WELL, IT HAS been a while. We--by which of course I mean "I," proprietor, management, and sole employee of Loads of Learned Lumber, but I have been at this long enough that I feel entitled to the editorial "we"--have been awfully busy lately, and of course you've been busy yourself, no? We've
all been busy.
For reasons that would be too time-consuming to explain, I had to write a paper on the pernicious influence upon our public life of Ayn Rand, which required a lot of reading--of which you may hear more later--and no small amount of writing, but even so I have had time to read a few other things, so let's start catching up.

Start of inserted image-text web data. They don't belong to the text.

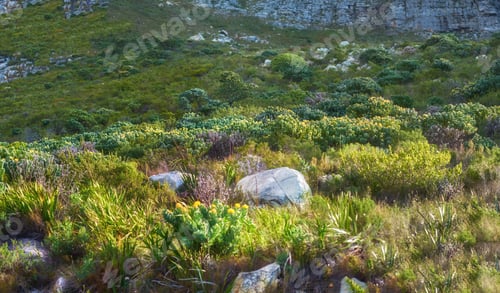 Preview: Trails of Table Mountain National Park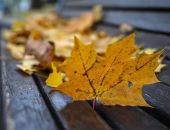 � ����� �������� � �����,  � ��������� ��� ��� �������� �� �����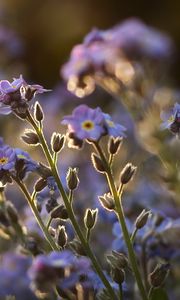 Preview wallpaper me-nots, tiny, flowers, field, blue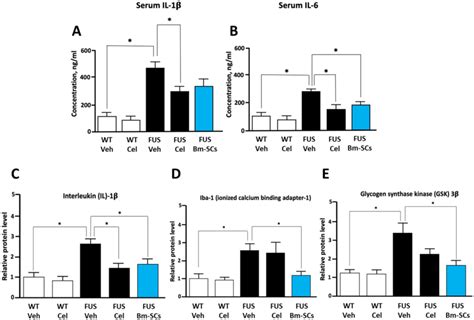 Overview Of The Elisa Serum Il 1β A And Il 6 B Levels And The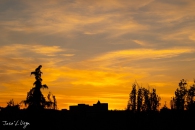 MG_6318
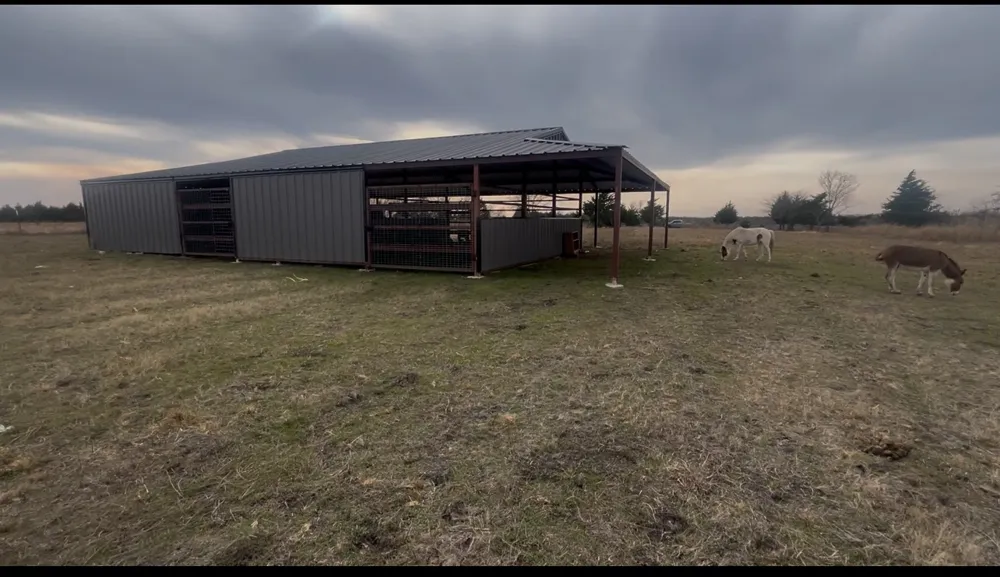 4225 County Road 4225 Cooper, TX 75432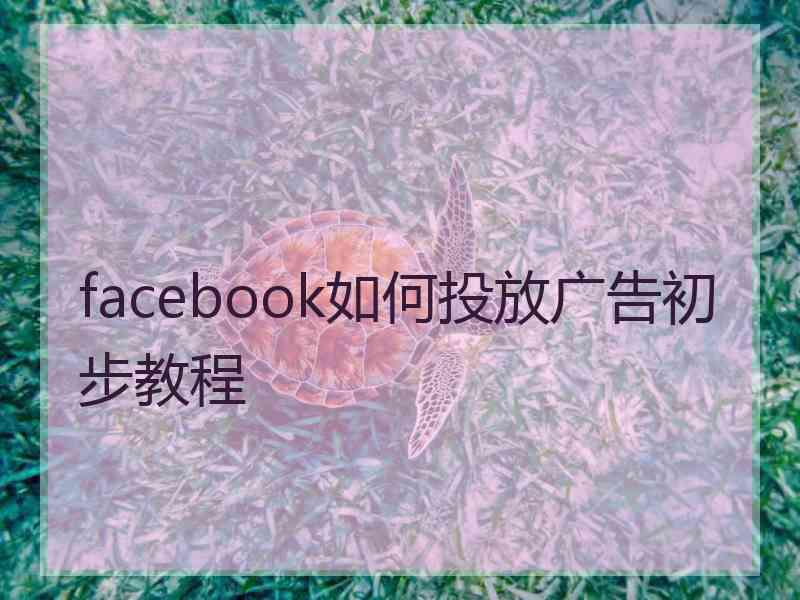 facebook如何投放广告初步教程 facebook如何投放广告初步教程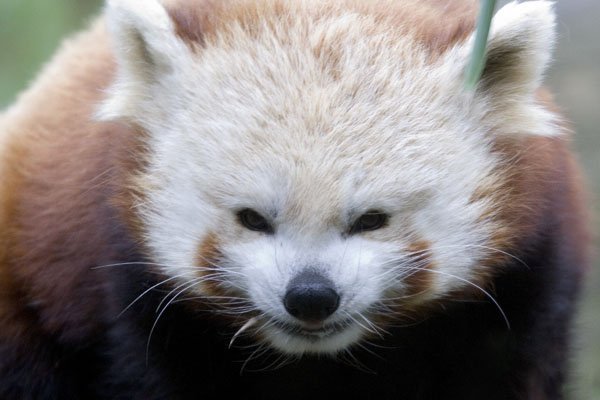 Smiling Red Panda Bear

Even though I include Julian Barnes on my mental list of living British novelists I like very much, I had not read one of his books since Love, etc., which was two or three or four back. But how do you say no to a Booker winner? So I read The Sense of an Ending back in January.
It's a quick read, not just short (163 pages) but quick-paced, once the dominoes of revelation about the past start falling. The story is narrated by Tony Webster, who seems to be in his early 60s; the mother of an old university girlfriend of his dies, leaving in her will that Tony--whom she has not seen in decades--be given the journal of another university friend of his, a young man who was the ex-girlfriend's post-Tony boyfriend, and who for unknown reasons committed suicide.
However, the ex-girlfriend, who is in possession of the journal, does not want to hand it over. Why not? The book from that moment on is an unspooling of memories of Tony's twenties interspersed with thwarted investigations in the present as he tries to piece together once and for all what happened among his ex-girlfriend, her parents, his friend who committed suicide, and himself.
He gets his answer. But the book's real power lies in our deepening sense of Tony. The novel is like one of those satisfyingly lengthy dramatic monologues by Browning--Sludge, Bishop Blougram, Prince von Hohenstiel-Schwanganau--where layer after layer of self-justification is peeled off until you are left with that bare, shivering thing itself, the meager self. Tony is educated, articulate, and intelligent, but we gradually see he uses his intelligence most energetically not in trying to understand but in trying to fend understanding off, to muffle the raw and bloody stuff, to keep the truth at arm's length.
Tony seems very British in his habit of mocking the earnestly analytical, in his dismissal of those (like his friend the suicide) who want to dig all the way down. But he keeps going even though the truth he eventually learns is, among other things, proof of his own callousness and obtuseness. "There is accumulation," he reflects in the novel's last sentences, "There is responsibility. And beyond these, there is unrest. There is great unrest."